3

I know this can be quite confusing, so please let me know if this explanation needs some editing.

Let's say that I have input data in this format:

for a given pressure p_0 --> 2x2 grid of temperatures (T_0) that refer to this pressure value

for a given pressure p_1 --> 2x2 grid of temperatures (T_1) that refer to this pressure value

p_0 = 0
T_0 = np.array([[1, 4], [3, 2]])

p_1 = 1
T_1 = np.array([[1, 6], [4, 4]])

p = np.array([p_0, p_1])
T = np.array([T_0, T_1])

Now, I am given a 2x2 grid of new pressure values

p_target = np.array([[0.1, 0.4], [0.3, 0.2]])

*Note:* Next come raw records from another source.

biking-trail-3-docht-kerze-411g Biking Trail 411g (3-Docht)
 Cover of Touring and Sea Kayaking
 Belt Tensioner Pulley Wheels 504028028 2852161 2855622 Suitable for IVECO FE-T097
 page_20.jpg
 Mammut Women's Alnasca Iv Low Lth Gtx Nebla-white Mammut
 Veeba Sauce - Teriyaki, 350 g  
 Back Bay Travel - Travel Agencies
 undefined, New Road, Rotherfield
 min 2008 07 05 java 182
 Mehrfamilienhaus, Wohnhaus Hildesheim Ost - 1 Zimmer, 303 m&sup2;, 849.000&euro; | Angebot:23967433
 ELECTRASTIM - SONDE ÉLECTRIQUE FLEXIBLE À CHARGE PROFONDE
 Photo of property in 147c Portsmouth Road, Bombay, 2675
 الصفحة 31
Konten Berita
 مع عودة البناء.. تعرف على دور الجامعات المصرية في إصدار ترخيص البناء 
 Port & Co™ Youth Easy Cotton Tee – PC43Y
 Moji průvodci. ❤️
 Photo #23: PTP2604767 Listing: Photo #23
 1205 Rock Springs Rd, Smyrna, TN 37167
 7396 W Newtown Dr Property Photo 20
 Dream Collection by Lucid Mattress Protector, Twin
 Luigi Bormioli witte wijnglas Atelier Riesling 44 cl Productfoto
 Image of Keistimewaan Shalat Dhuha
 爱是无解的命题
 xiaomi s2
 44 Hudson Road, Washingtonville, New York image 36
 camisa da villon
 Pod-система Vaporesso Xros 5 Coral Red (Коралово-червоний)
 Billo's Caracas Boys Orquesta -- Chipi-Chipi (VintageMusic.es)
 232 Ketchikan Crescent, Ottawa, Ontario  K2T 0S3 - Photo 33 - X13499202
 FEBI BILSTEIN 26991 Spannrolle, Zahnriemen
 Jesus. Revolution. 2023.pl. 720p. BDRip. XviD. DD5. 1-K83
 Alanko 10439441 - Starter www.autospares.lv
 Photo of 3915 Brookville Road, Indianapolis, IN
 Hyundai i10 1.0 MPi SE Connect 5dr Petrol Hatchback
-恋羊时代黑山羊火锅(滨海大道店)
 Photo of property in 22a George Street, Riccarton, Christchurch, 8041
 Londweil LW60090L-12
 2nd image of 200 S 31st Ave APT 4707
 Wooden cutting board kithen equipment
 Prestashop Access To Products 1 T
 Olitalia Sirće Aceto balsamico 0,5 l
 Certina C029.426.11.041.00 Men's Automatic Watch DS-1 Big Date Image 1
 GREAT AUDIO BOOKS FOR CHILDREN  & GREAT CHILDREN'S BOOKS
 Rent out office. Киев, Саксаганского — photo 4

and I would like to get a 2x2 grid of interpolated temperatures values, using the input data.

The way I'm doing this is for each point of the grid, I build an interpolation function and then I use it to get the new interpolated temperature value for that grid point:

from scipy.interpolate import interp1d

T_new = np.empty(p_target.shape)

for ix,iy in np.ndindex(p_target.shape):
    f = interp1d(p, T[:,ix,iy])
    T_new[ix,iy] = f(p_target[ix,iy])

T_new

array([[1. , 4.8],
       [3.3, 2.4]])

As it's easy to guess, this is quite slow for large arrays, and it seems to be quite against the numpy way of doing things.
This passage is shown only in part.